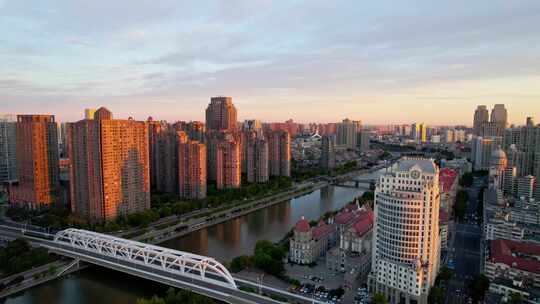 天津海河风景奥式风情区城市建筑风光航拍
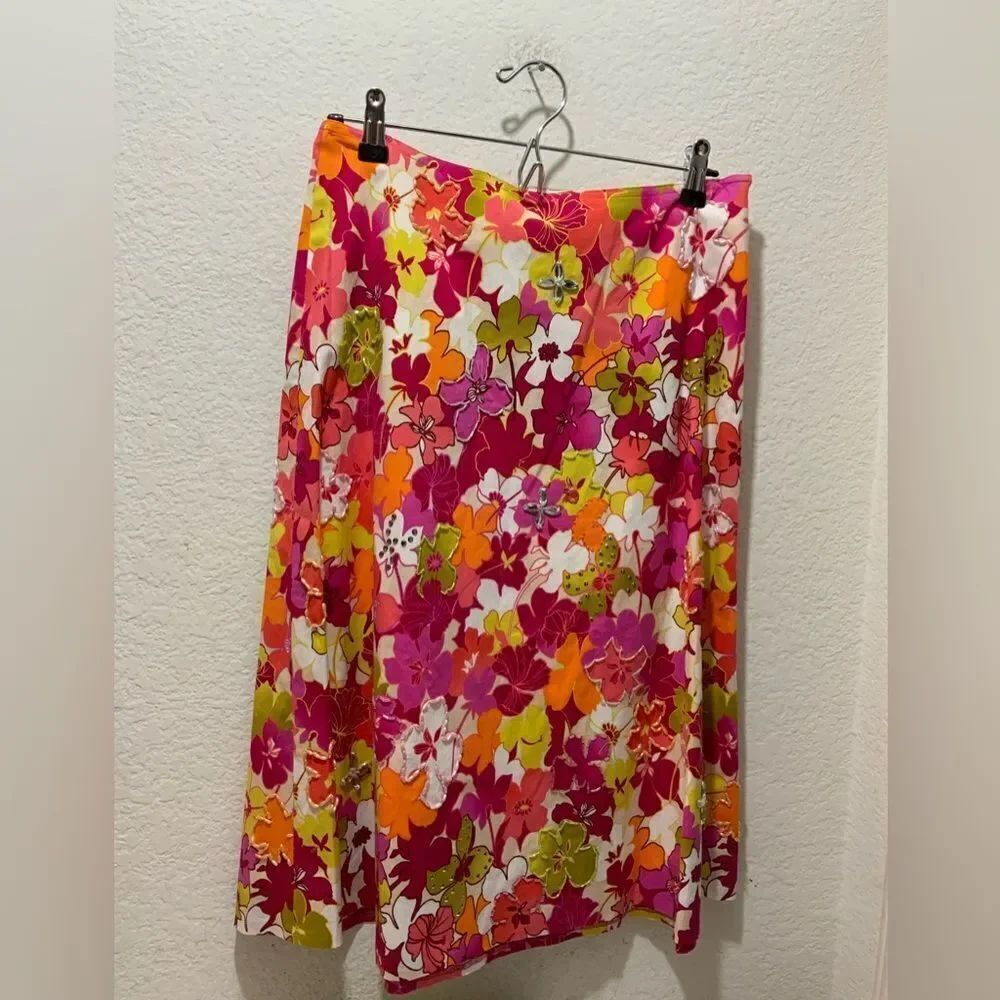 Cynthia Steffe Womens Pink Floral Beaded Knee Length A-Line Skirt Size 8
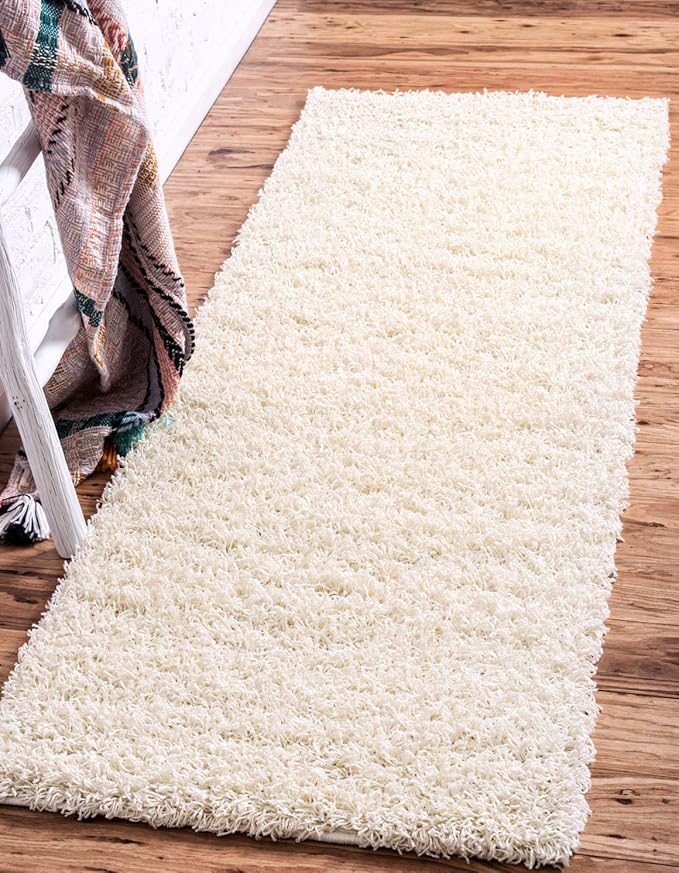 Unique Loom Solid Shag Collection Area Rug (2' 7" x 10' Runner, Pure Ivory)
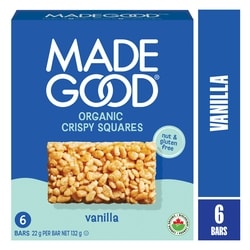 Made Good Carrés croustillants à la vanille Boîte de 6 barres 132 g, 3,03 $/100g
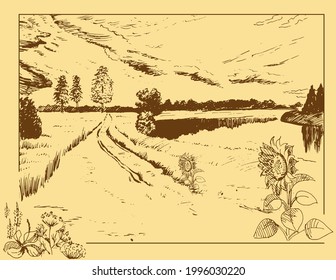 Rural scenery landscape panorama of countryside pastures. Green grass field on small hills. Vector sketch illustration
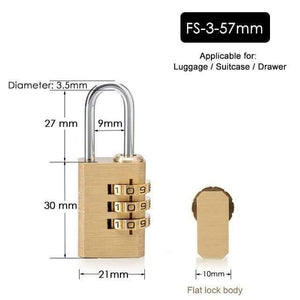 Planet Gates 3010 FS-3-57 Solid Brass Copper Security Padlock Password Combination Code Lock For Gym Digital Locker Suitcase Drawer Lock Hardware
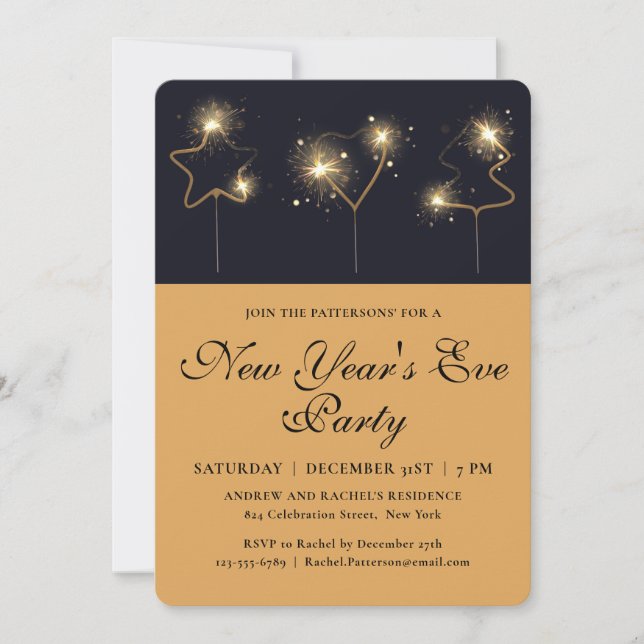 Invitation Sparkler New Year's Eve Party Modern Chic Holiday (Devant)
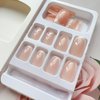 White French Tip Heart Press on Nails Medium Square Fake Nails Glossy Nude Acrylic False Nails Cute French Glue on Nails Reusable Stick on Nails for Women Valentine’s Day Nail Decorations, 24Pcs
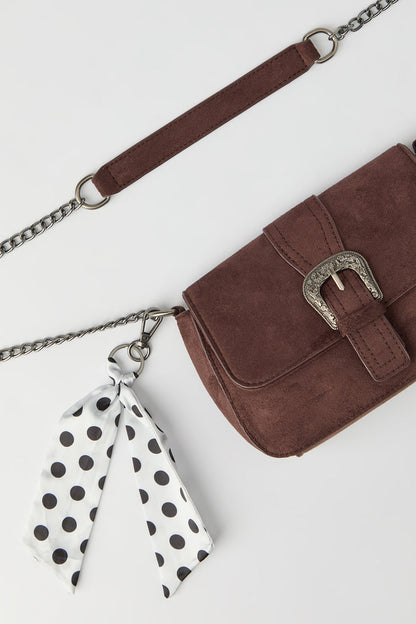 Suede Cross Body Bag with Keychain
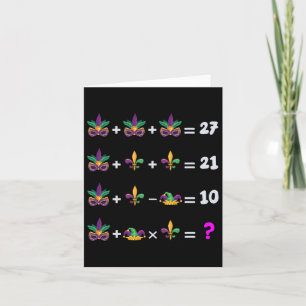 Tarjeta Ecuación De Matemáticas Del Mardi Gras Para Los Es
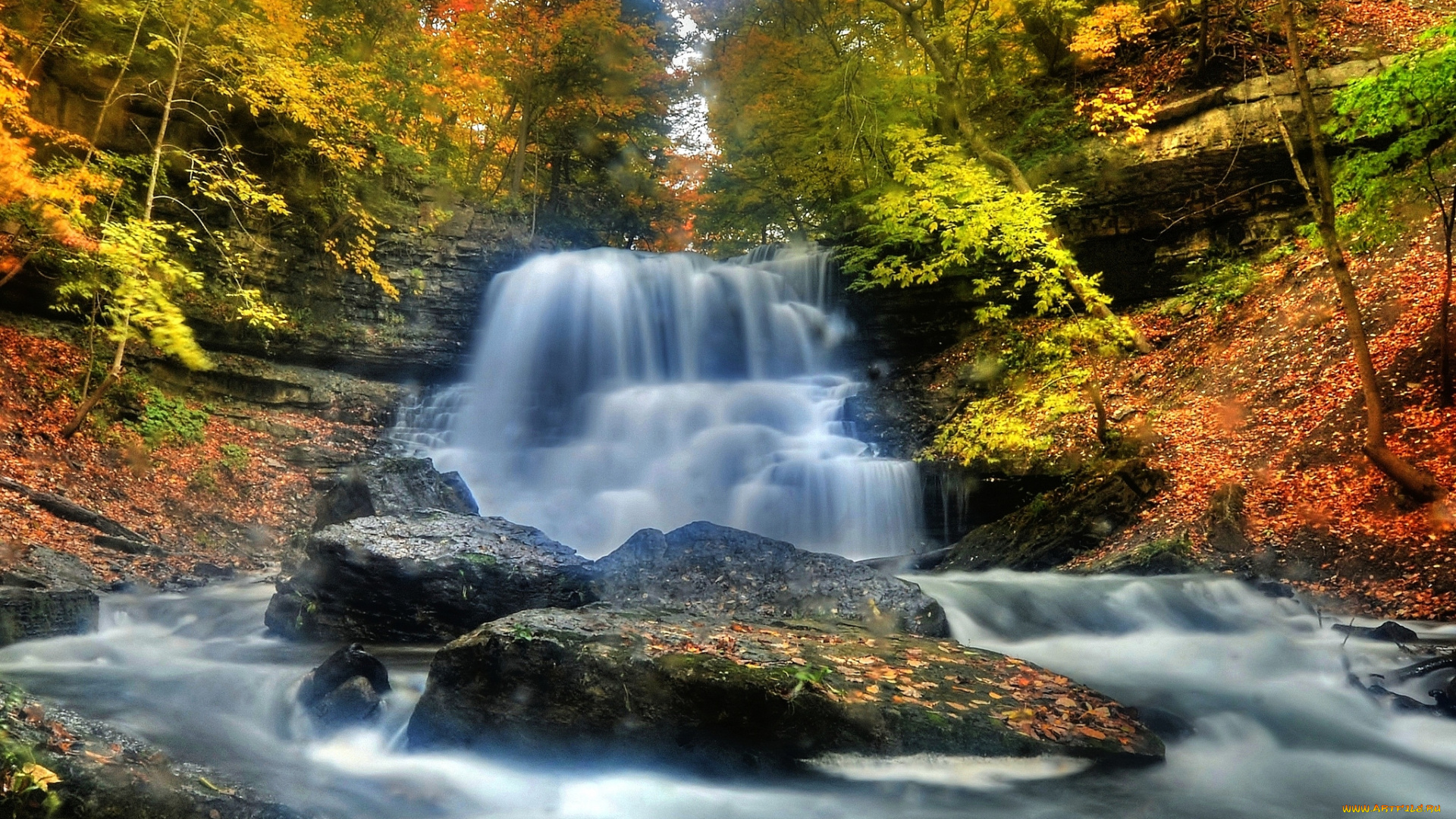 природа, водопады, осень, поток, лес, камни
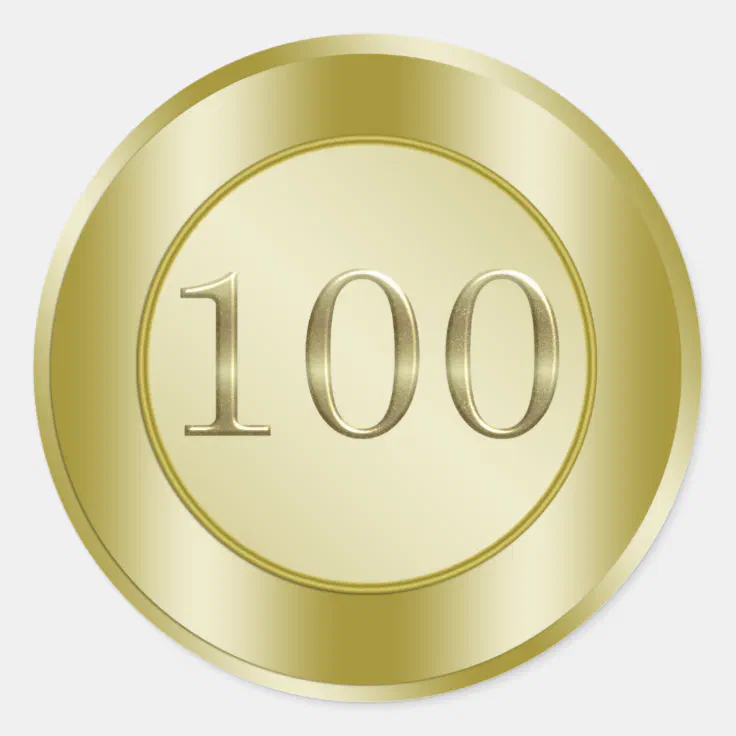 100th Birthday Party Classic Round Sticker Zazzle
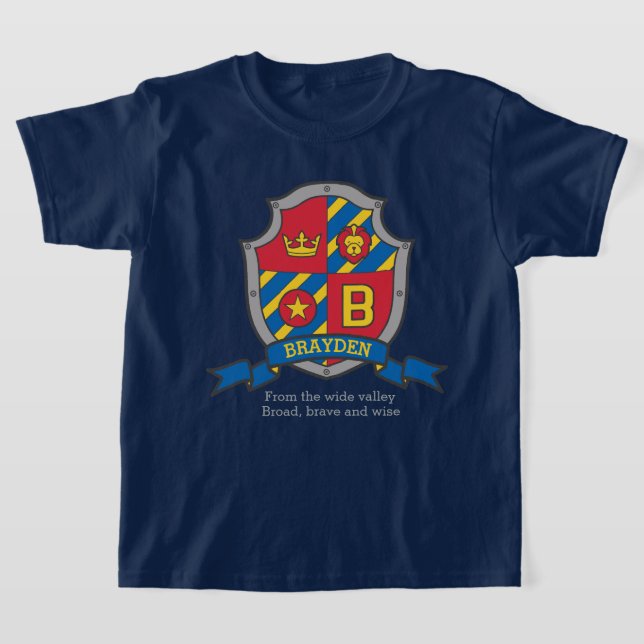 Camiseta Brayden boys B nome e significado escudo de cavale (Postura )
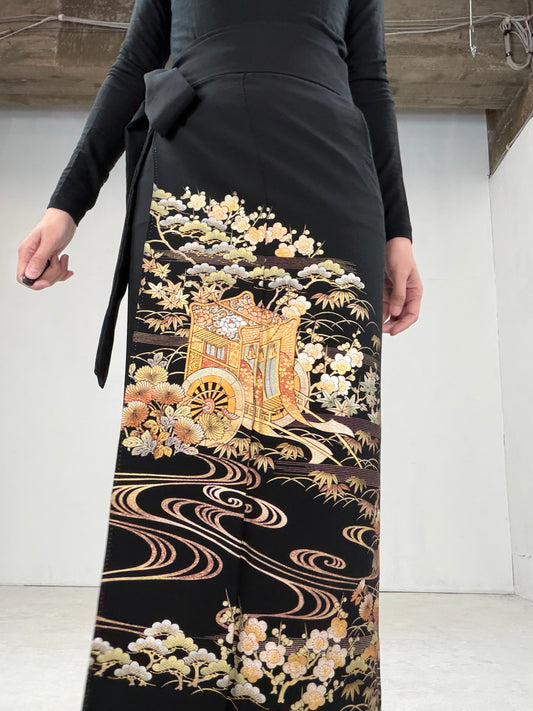 EDO-ZUMA SKIRT UPCYCLED FROM JAPANESE KIMONO "019"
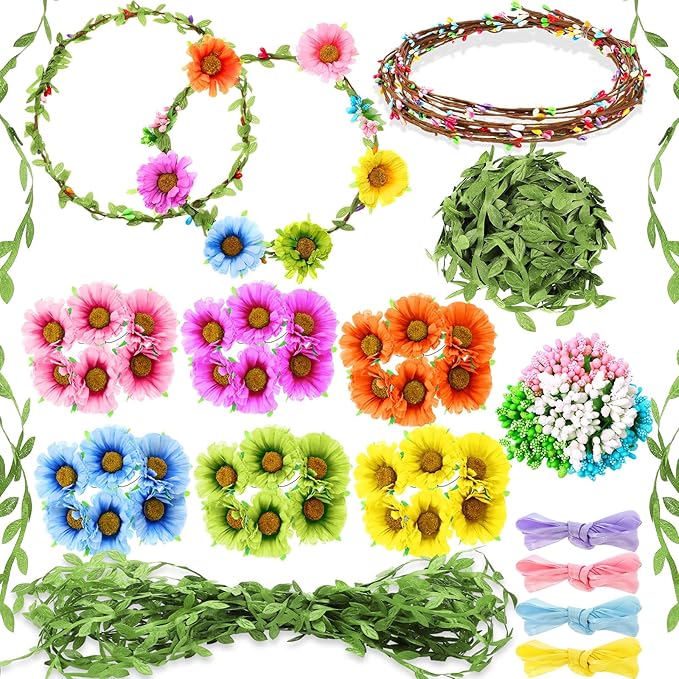 Syhood Daisy Crowns Making Kit for Woman 109 Pieces Parts, Make Your Own Flower Crown Wreath Headbands and Bracelets Craft Kit Hair Accessories Handmade DIY Floral Garland Presents for Adult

------------------------------

■ **To do**: Your reply should hold only the lines from the one that contains "Camiseta Brayden boys" through the last line of the records above, exact and complete, and no pictures.

■ **Output of the task**:
 Camiseta Brayden boys B nome e significado escudo de cavale (Postura )
 EDO-ZUMA SKIRT UPCYCLED FROM JAPANESE KIMONO "019"
 Syhood Daisy Crowns Making Kit for Woman 109 Pieces Parts, Make Your Own Flower Crown Wreath Headbands and Bracelets Craft Kit Hair Accessories Handmade DIY Floral Garland Presents for Adult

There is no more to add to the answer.